Алиса смотрела, как чайник доходит до кипения, и держалась за край стола так, будто тот мог её утащить сквозь пол подальше от этого диалога.
— Мне — жить. И вещи мои здесь. И душ. И шкаф, который я собирала по скидке два года.
— Да что ты всё про вещи! — вскинулась Валентина Петровна. — Жизнь не в вещах, а в людях. А люди — это семья. Ты могла бы поддержать мечту Марины, между прочим. Она вообще-то старается, идей у неё море.
— Она с прошлого лета «запускает марафон женственности», — бросила Алиса, — а деньги на ногтевой кабинет собирает с меня. Уж извините, я старомодная. Я свои мечты зарабатываю сама.
— Ну ты и злюка, — буркнула свекровь и отвернулась к окну. — Всегда ты была… особенная.
«Особенная», ага. Та, которая всегда мешает им жить как хотят. Не даёт «вдохновиться», «начать с чистого листа», «войти в поток». Ещё один поток — и Алиса войдёт в Сбер с требованием выдать ей наличными всё, что осталось, и уедет к чёртовой бабушке. Если бы та не умерла три года назад.
— А что, если я тоже открою салон? — бросила она вечером Виктору, стуча ложкой по краю кастрюли. — Назову его «На свои». Будет кабинет с табличкой: «Маникюр за честно заработанное». Нравится?
— Ты превращаешься в ведьму. Реально. У тебя на лбу скоро появится: «Я сама».
— А ты превращаешься в чью-то тень. Маму слушаешь, сестру слушаешь, а свою жену — в грош не ставишь. Ты вообще понимаешь, как это унизительно — предлагать женщине продать своё жильё ради бизнеса её золовки?
Он встал, бросил полотенце на стол. Громко, как будто объявлял войну.
— А ты вообще понимаешь, что всё не вечно? Всё ж в жизни бывает! А если мы впряжёмся, все вместе — получится! А ты одна — никому не нужна будешь!
Молчание. Только капает вода из крана. И Алиса стоит, как вкопанная, с губами, побелевшими от сдерживаемого крика.
— Вот и всё, Вить, — сказала она тихо, медленно вытирая руки. — Раз ты так считаешь, то не стоит тянуть. Давай. Съезжай. Сегодня. Не завтра. Не потом. Сейчас.
— Сказала же — всё. Конец кино. Не продам. Не обсуждаю. А ты — иди. Хочешь жить с мамой? Живи. Хочешь с сестрой салон строить — строй. Только не на моей крови и не в моей квартире.
Он смотрел на неё, как будто она сошла с ума.
Он ушёл в тот же вечер. Собрал рюкзак, взял куртку, документы, ноутбук. Алиса помогла сложить шнуры в мешочек. Как хорошая хозяйка.

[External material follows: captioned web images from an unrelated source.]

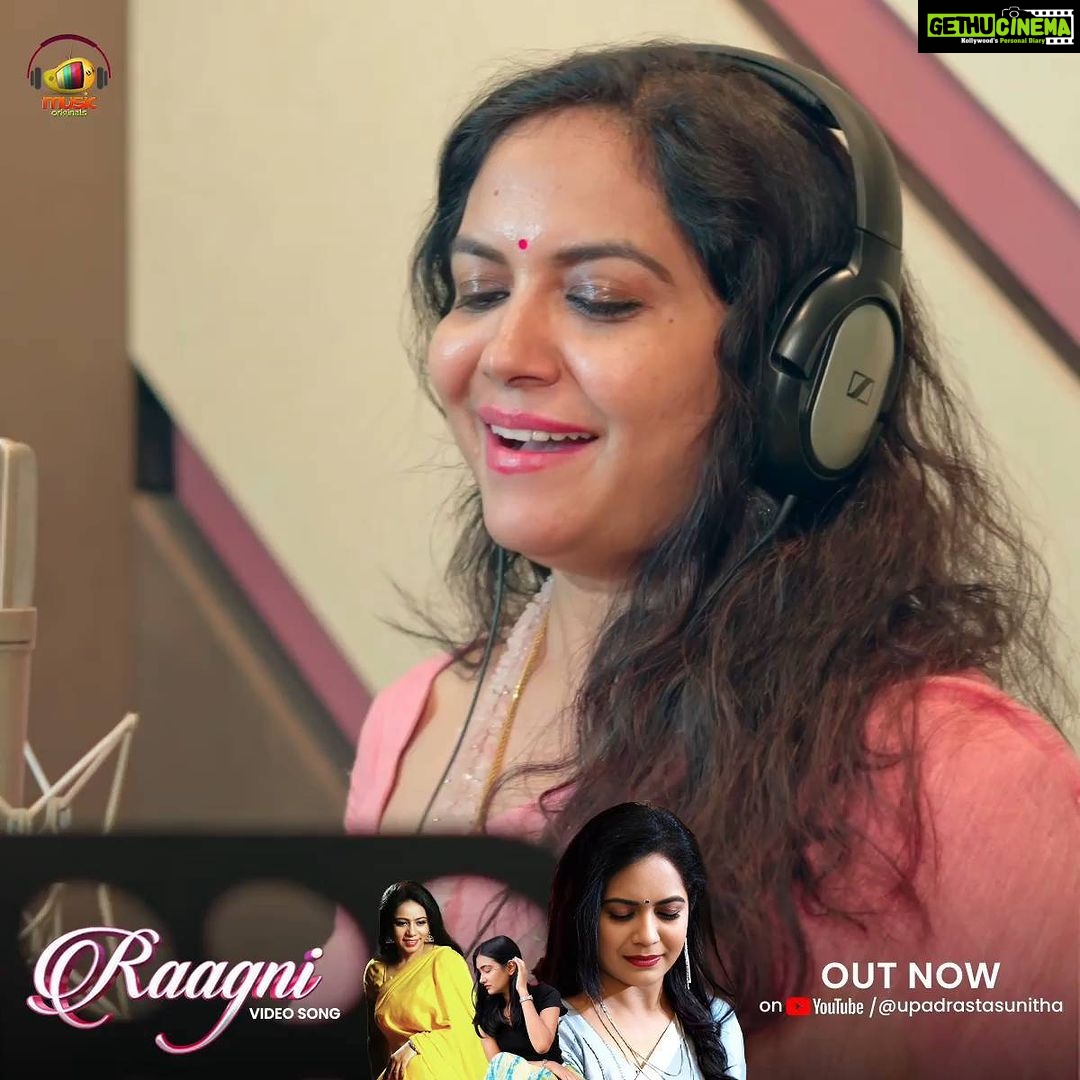 Sunitha Upadrashta Instagram - To all the strong, independent, & wonderful women out there!! Presenting #Raagni #Womensday special Video song Available now on @upadrastasunitha YouTube channel π https://youtu.be/98m39Lr1rjw @mmsreelekha @kadali_sathyanarayana #MangoMusicOriginals @MangoMassMedia #MangoMusic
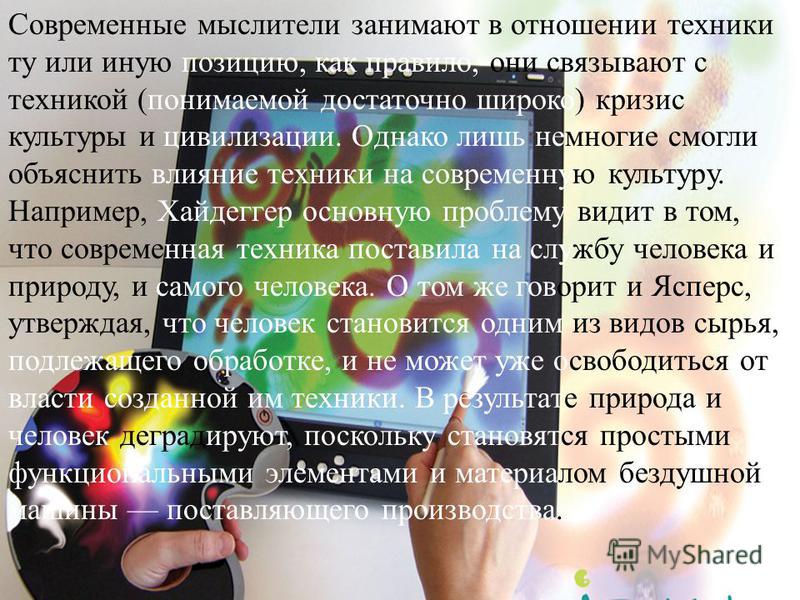 Реферат Проблемы Культуры Реферат Проблемы Культуры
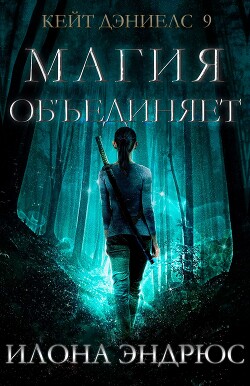 Магия объединяет (ЛП) - Эндрюс Илона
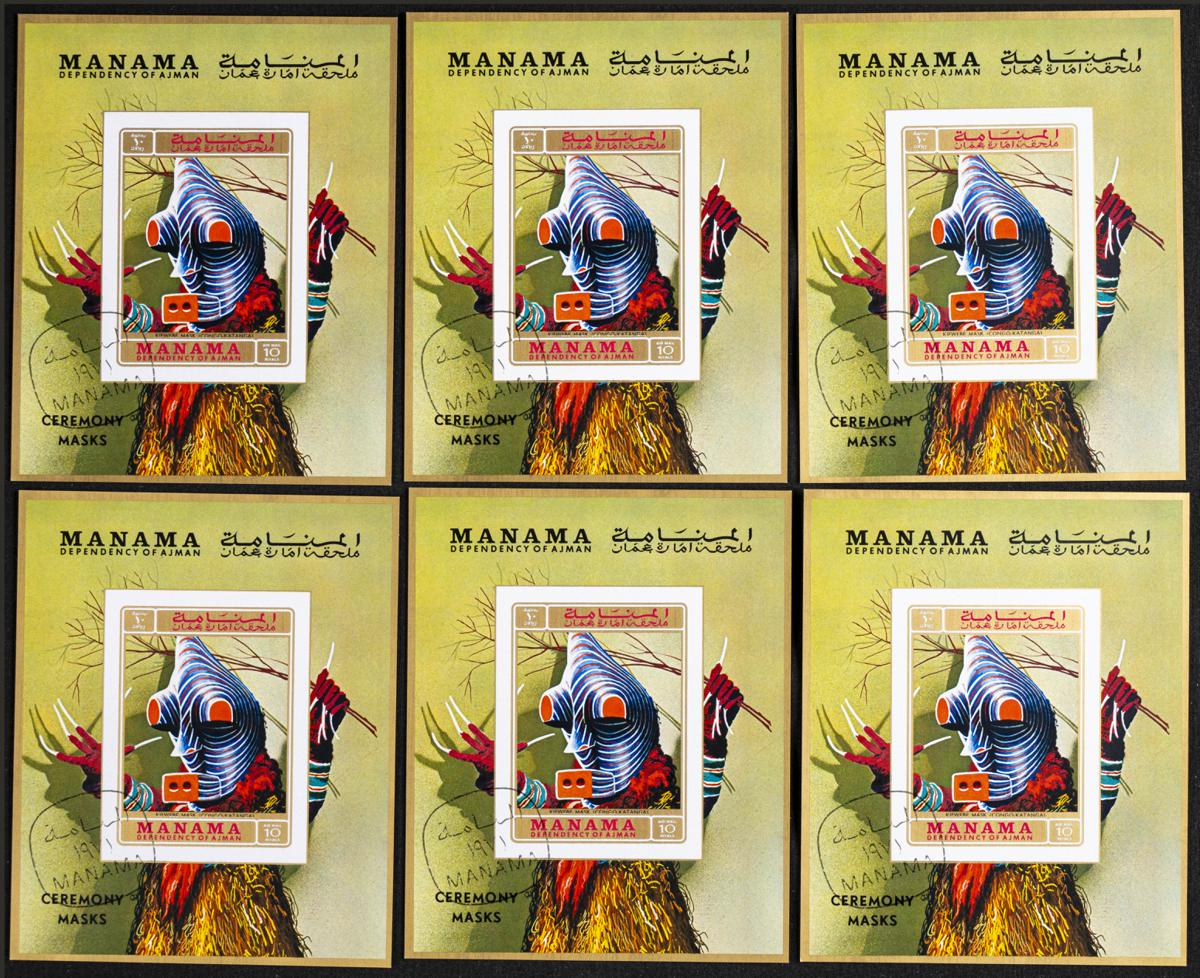 1625 | Arabia Sudeste-Manama
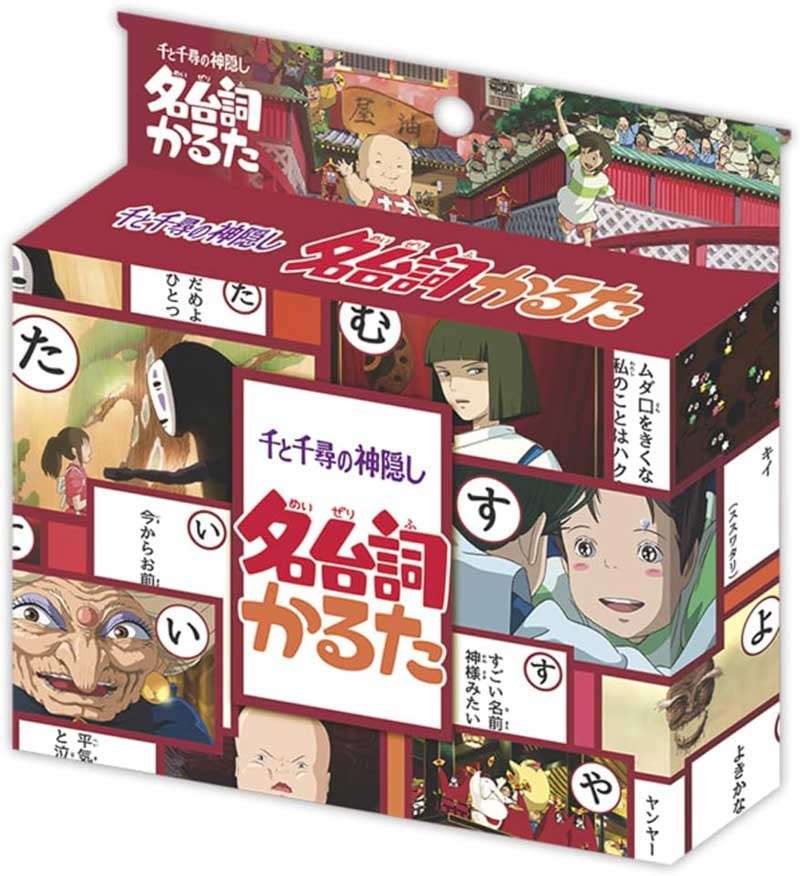 「千と千尋の神隠し」のかるたが話題→「あ」の読み札は…　“衝撃的なチョイス”に「出落ち笑」「吹き出したｗ」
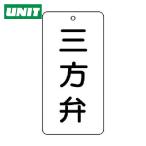 ユニット UNIT バルブ表示板 三方弁 5枚組 80×40×2 (1組) 858-37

Когда за ним закрылась дверь, она села на пол. Не плакала. Только дышала тяжело, как после бега. И вдруг заулыбалась.
— «Ты никому не нужна будешь», — прошептала она. — Ну, посмотрим, Виктор Сергеевич. Очень даже посмотрим.
Через два дня он прислал СМС: «Алиса, я пока у мамы. Нам надо всё обдумать. Надеюсь, ты остынешь».
Алиса только фыркнула. Остыть? Ей бы сковородку остудить, которой она чуть не швырнула в дверь, когда он хлопнул ею на прощание. Остальное — давно выкипело.
Она как раз тогда пол мыла — бесилась, швыряла ведро, драила кухню с остервенением. Вечером на диван села, чай с мятой налила. И вдруг — спокойно. Вот совсем. Словно вытащила занозу, которая год сидела и болела.
— Да ты что, Алиса! — Лариса, её коллега по бухгалтерии, округлила глаза, запихивая в рот пирожок с яйцом. — Ты его прямо выгнала? Не верю. Ты ж у нас всегда дипломат…
— Всё, Ларчик, теперь я не дипломат. Я теперь суверенное государство. Без визового режима и кредитных обязательств, — отмахнулась Алиса и вытерла руки влажной салфеткой. — Пусть теперь с мамой своей обсуждает инвестиции в ногтевой рай.
— А ты… ты совсем-совсем решила?
Алиса допила кофе и кивнула:
— Я ему дала два года. И что? Он даже посудомоечную так и не подключил. Только болтал. Всё мечты, идеи, поддержка сестры, великая цель. А на деле — тапки разбрасывает и в холодильник тупит.